Galle is home to the family of Sunil Thrikawala, a 1996 graduate of AE&B and a researcher now working with Prof. Alfons Weersink. Thrikawala just returned to Guelph in the fall with his wife, AE&B professor Jeevika Weerahewa, and their family. He says his parents' home, only about one kilometre from the coast, escaped the waves, although his brother had to run from water that raged in to engulf the seaside market he was visiting that day.
Kumuduni Kulasekera, a master's student in the same department, learned that her sister's house in Matara on the south coast had been washed away. The family had been on holiday in the central part of the country and returned to find a coconut tree fallen across what was left of the house.

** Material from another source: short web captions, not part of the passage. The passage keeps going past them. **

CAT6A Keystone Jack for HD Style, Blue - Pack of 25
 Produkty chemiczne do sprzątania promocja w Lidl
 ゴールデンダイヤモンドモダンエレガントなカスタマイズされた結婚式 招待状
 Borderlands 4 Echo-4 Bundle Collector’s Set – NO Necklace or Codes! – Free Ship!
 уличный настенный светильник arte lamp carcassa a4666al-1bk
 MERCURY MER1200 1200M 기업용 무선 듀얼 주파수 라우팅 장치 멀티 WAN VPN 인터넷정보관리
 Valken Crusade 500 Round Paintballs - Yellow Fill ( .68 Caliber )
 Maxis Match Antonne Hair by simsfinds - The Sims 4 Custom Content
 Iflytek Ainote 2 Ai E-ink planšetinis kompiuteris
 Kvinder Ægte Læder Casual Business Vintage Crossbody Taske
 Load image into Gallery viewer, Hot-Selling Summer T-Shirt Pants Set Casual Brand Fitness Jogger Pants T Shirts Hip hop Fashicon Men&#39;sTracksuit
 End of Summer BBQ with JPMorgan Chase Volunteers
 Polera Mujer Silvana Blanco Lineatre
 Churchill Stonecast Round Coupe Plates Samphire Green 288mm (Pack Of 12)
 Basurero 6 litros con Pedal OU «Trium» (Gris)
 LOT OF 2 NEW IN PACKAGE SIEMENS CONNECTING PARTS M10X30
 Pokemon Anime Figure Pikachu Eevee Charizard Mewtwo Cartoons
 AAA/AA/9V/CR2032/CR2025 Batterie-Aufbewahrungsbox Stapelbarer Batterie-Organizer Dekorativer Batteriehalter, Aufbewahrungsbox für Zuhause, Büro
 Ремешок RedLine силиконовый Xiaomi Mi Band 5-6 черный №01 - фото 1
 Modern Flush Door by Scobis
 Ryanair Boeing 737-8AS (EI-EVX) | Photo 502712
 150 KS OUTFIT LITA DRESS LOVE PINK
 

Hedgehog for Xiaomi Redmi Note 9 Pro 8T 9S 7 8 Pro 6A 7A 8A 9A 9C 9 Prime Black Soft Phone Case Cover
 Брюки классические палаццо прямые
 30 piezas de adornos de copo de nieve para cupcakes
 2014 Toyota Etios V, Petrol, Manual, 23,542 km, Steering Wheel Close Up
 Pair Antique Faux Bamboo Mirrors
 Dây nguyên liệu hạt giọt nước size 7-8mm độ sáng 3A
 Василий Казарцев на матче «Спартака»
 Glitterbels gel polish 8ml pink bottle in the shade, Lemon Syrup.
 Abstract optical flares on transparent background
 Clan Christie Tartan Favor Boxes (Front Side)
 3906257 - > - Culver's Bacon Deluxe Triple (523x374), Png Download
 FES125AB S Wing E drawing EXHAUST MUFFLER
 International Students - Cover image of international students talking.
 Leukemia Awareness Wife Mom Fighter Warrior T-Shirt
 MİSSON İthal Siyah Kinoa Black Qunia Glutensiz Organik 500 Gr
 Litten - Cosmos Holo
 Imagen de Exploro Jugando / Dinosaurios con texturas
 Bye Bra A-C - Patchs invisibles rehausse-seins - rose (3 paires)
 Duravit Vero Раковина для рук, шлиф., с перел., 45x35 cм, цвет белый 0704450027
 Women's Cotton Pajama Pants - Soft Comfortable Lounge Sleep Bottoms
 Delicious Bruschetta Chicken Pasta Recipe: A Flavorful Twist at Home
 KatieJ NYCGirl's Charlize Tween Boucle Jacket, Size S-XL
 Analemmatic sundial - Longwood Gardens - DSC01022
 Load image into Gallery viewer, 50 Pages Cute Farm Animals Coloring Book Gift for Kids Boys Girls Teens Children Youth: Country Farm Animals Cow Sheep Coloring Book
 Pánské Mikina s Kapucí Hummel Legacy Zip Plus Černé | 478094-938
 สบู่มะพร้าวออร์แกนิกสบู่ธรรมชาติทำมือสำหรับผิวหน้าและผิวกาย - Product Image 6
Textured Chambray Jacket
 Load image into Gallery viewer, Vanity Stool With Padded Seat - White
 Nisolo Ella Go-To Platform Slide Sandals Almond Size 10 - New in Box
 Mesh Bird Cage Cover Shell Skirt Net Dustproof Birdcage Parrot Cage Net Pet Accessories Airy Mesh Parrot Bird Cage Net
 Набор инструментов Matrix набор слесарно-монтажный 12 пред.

Kulasekera expects she'll be involved in long-term reconstruction in the country when she returns with her husband to Sri Lanka in two years. She's completing her degree on leave from her job in Colombo, where she's research manager for an investment board that promotes foreign investment in her country.
“I was crying,” she says, recalling the initial news of the disaster and then her panicked attempts to reach her family in Sri Lanka and elsewhere abroad. “I thought the whole Sri Lanka was gone.”
Sesheeni Joud Selvaratnam grew up in Sri Lanka and studied girls' education on tea plantations at Guelph for her master's in anthropology and international development; she graduated in 2001. But she was preparing last week to head for Indonesia with her husband; both work for Action Contre la Faim/Action Against Hunger, a non-governmental organization based in Paris.
They were going to Aceh at the northern end of Sumatra, near the epicenter of the earthquake. There, she will work as a food security officer, probably helping a team distribute food to tsunami victims.
“We don't know what to expect and know that we will face very difficult and trying times in Aceh,” she says.
When Naresh Thevathasan learned early on Dec. 26 that his former Sri Lankan hometown had been engulfed by an earthquake-driven wall of water, the research associate in the Department of Environmental Biology wasted little time. By Jan. 7, he and his family had raised about $6,000 from family and friends, including $2,700 sent Dec. 27, to pay for food and shelter for the east coast town of Batticaloa. He hopes to raise a total of $13,000, to be sent to the Lions Club there to build temporary shelters for people left homeless by the waves.
“The magnitude of the devastation is humungous,” says Thevathasan, who has worked with environmental biology professor Andrew Gordon on agro-ecosystem projects for some of the world's poorest people in countries such as Ghana and Nepal. At the same time, he says, raising money intended to build shelters in Batticaloa is “achievable. It's small in scale.”